With the pictures omitted, print exactly the lines below, from the one containing "US ARMY BAG" through the one containing "10X20ft EZ Pop", and nothing else.

> [Extracted records]
-- Opening Marker --
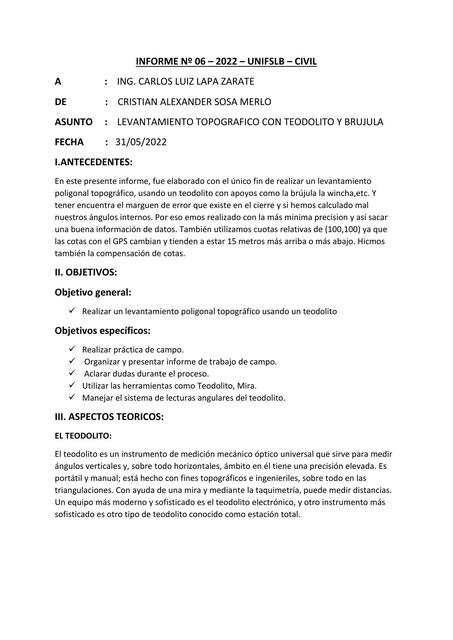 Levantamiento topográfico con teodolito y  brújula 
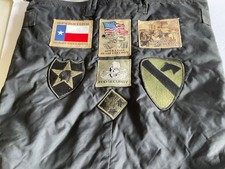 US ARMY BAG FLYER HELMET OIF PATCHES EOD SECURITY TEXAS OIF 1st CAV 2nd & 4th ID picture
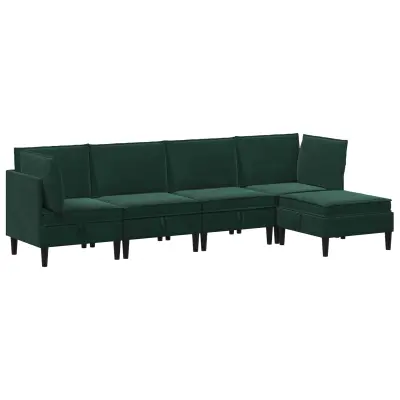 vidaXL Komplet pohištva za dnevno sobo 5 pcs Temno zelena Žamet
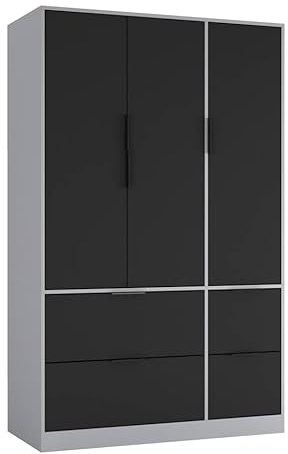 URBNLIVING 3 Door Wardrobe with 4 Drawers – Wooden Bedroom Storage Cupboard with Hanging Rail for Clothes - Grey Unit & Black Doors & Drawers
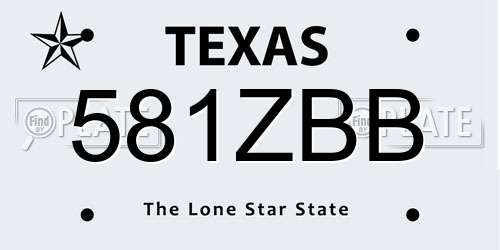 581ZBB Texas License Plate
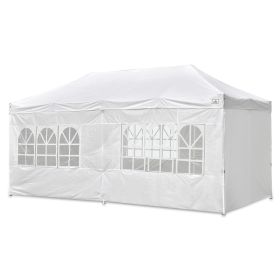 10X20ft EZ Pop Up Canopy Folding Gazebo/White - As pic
-- Closing Marker --
-- Opening Marker --
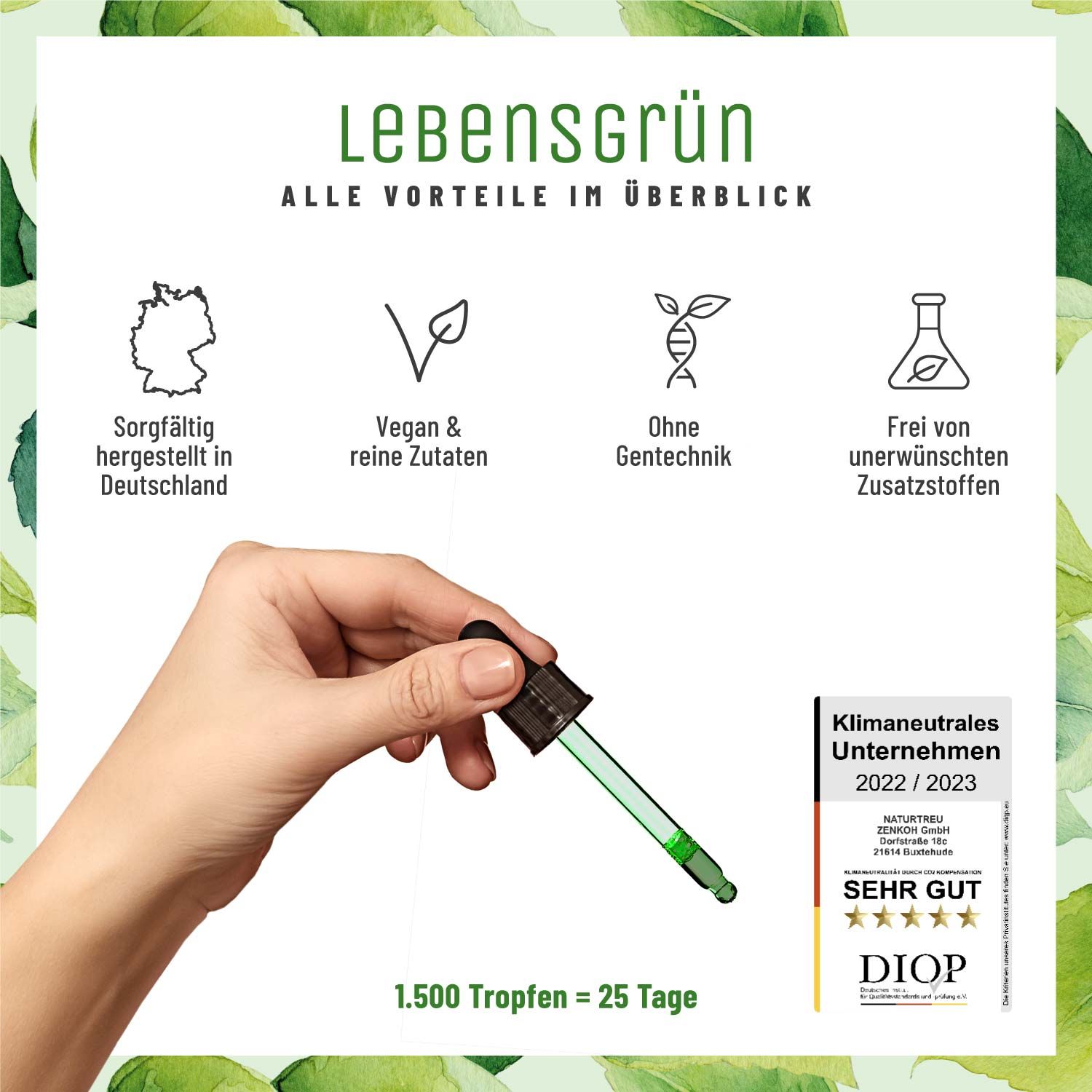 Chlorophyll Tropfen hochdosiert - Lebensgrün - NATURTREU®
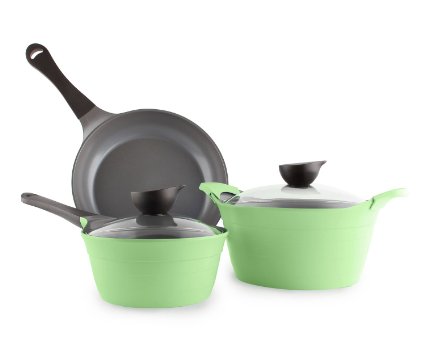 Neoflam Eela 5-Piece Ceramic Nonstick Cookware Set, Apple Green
-- Closing Marker --
-- Opening Marker --
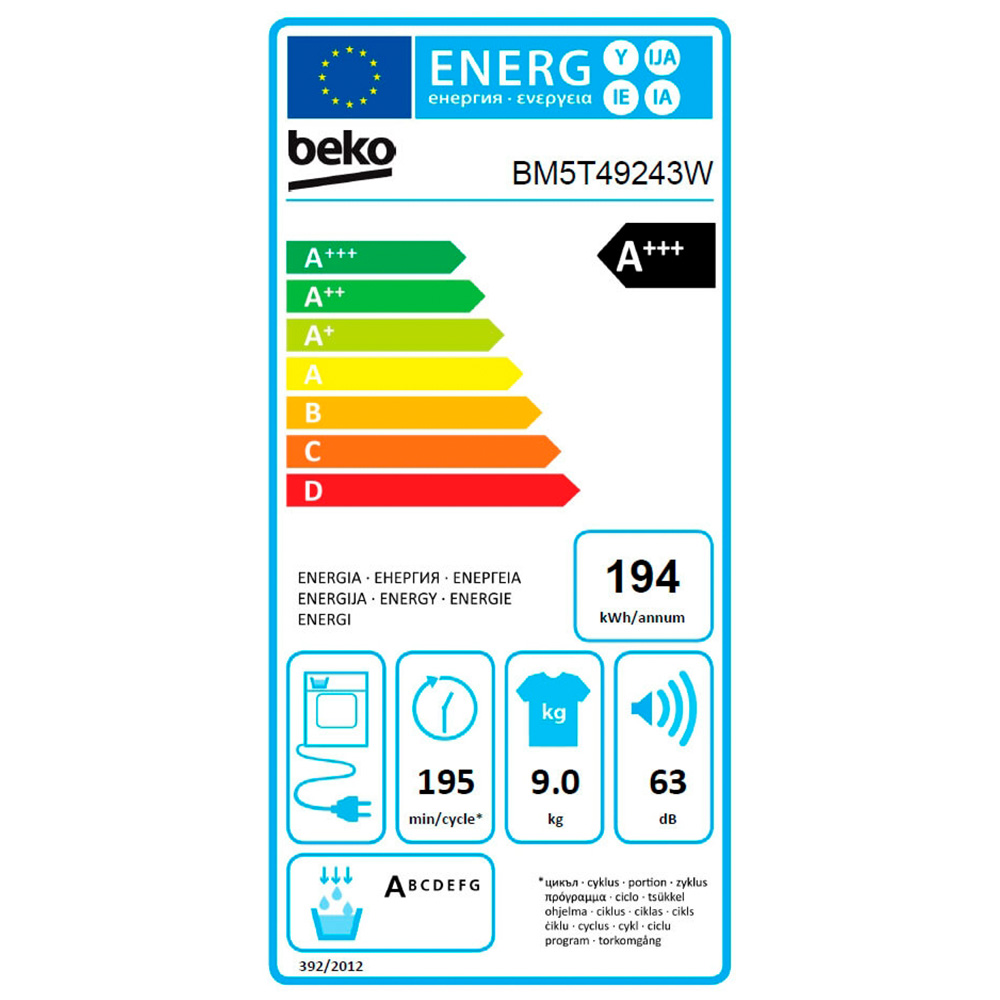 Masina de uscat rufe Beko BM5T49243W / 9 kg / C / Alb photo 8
-- Closing Marker --
> [Written solution]
 US ARMY BAG FLYER HELMET OIF PATCHES EOD SECURITY TEXAS OIF 1st CAV 2nd & 4th ID picture
 vidaXL Komplet pohištva za dnevno sobo 5 pcs Temno zelena Žamet
 URBNLIVING 3 Door Wardrobe with 4 Drawers – Wooden Bedroom Storage Cupboard with Hanging Rail for Clothes - Grey Unit & Black Doors & Drawers
 581ZBB Texas License Plate
 10X20ft EZ Pop Up Canopy Folding Gazebo/White - As pic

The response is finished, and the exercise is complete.